Averaging out over the population, it’s £760 a year in benefit cuts by 2014-5 for each of us, including this April’s round and the previous ones. Hundreds of thousands of people, mostly the worse-off, are losing much more.
Under the “benefits cap”, 56,000 households will lose an average of £93 a week between April and September 2013. Many of them will lose £100 or £200 a week. Many will be evicted and lose their homes.
Maybe the trade unions have been slow to move on this because their membership, these days, is concentrated in the better-off sections of the working class, which lose less. Maybe because they got a battering in the battle over public sector pensions.
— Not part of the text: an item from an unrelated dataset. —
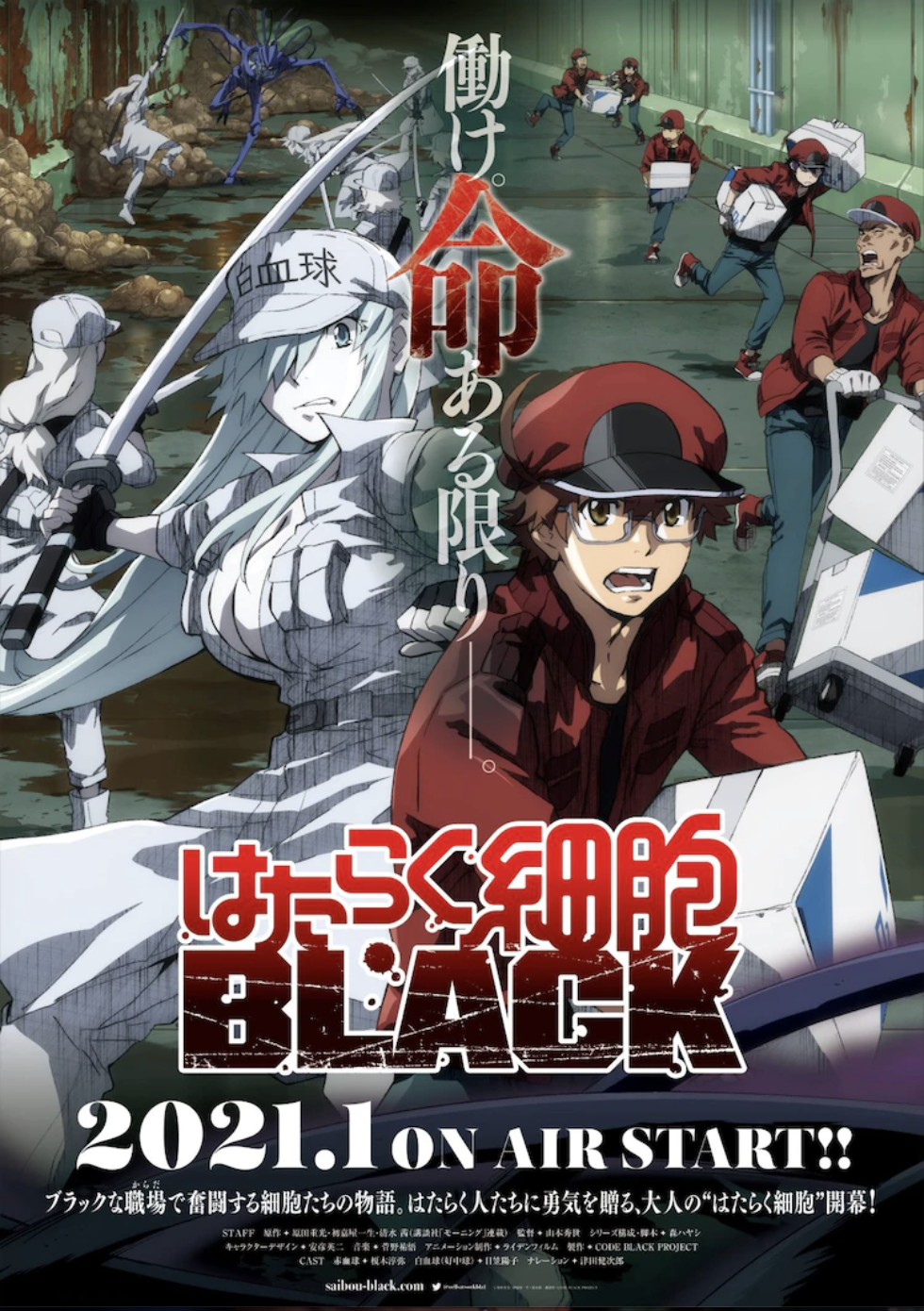 Cells at Work! Code Black Anime to Air in January!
Maybe because they are preoccupied by other issues: the privatisation and cuts in the NHS, pay, local government cuts.
Certainly, in part at least, because the unions are dominated by well-off officials who are hesitant about struggle of any sort, and many of whom have now dropped all thought of anything much beyond hoping for some relief from a Labour government, maybe, in 2015.
Even bureaucratised trade unions can be pushed into action. Socialists need to push them. We should be sceptical about Socialist Worker’s ritualistic repeated claims that the coalition government is “weak”. If we fail to mobilise sufficiently, then the government will prove quite strong enough to push through these cuts. But it can be made weak.
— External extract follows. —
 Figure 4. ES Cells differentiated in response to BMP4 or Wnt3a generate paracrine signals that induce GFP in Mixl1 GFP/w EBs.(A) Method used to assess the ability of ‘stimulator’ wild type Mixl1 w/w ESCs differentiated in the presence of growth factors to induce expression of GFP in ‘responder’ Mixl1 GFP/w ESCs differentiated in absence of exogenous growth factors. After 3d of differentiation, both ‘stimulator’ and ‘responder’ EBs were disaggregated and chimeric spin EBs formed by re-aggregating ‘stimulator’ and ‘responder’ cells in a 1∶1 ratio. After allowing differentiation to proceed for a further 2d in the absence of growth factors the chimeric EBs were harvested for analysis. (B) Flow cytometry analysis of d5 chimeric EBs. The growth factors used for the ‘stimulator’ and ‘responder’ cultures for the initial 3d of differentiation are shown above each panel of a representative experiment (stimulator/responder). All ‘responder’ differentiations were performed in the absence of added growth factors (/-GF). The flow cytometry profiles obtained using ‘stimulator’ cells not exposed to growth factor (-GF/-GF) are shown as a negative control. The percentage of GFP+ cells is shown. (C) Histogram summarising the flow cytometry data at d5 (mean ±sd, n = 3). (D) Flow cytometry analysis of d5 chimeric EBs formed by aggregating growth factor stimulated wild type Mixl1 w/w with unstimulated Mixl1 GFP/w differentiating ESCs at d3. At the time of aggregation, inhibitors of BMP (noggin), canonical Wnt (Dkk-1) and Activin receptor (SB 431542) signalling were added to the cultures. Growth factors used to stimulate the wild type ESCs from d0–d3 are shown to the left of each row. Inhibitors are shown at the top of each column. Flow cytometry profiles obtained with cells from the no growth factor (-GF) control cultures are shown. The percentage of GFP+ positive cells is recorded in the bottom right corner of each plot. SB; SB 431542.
The creditworthiness of Britain’s bonds has been downgraded by Moody’s ratings agency. The move is of small immediate economic importance, but a real blow to the credibility of chancellor George Osborne, who has made a fetish of the credit rating.
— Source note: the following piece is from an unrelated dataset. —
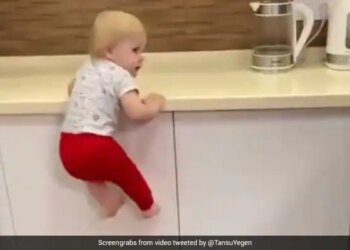 Twitter Viral Video Of Toddler Climbing On Cupboards – इस बच्चे का कारनामा देख आप भी कहेंगे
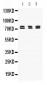 Anti-PRC1 Picoband Antibody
Britain’s government debt, which the coalition government said it would reduce, is rising. The deficit — the amount added to the debt each year — is probably rising too. Production is stagnant. Inflation is high.
Alternative economic policies can get a hearing — if voiced boldly — because the current policies are visibly not working on any terms other than plain vindictive utilisation of the crisis to beat down working-class conditions.
In addition to the “benefits cap”, from April most unemployed and low-waged people who currently get full council tax benefit will have to pay some council tax, probably about £5 a week.
Under the “bedroom tax”, households reckoned to have spare bedrooms will have their housing benefit cut.
Disability Living Allowance for working-age people will be replaced by Personal Independence Payments. The Government’s own estimate is that harsher criteria will throw 500,000 people off benefit by 2015-6.
The regular annual increase in benefits which comes every April will raise them by much less than inflation. The Government is imposing a cap of one per cent on increases in most working-age benefits and tax credits for three years from 2013-14.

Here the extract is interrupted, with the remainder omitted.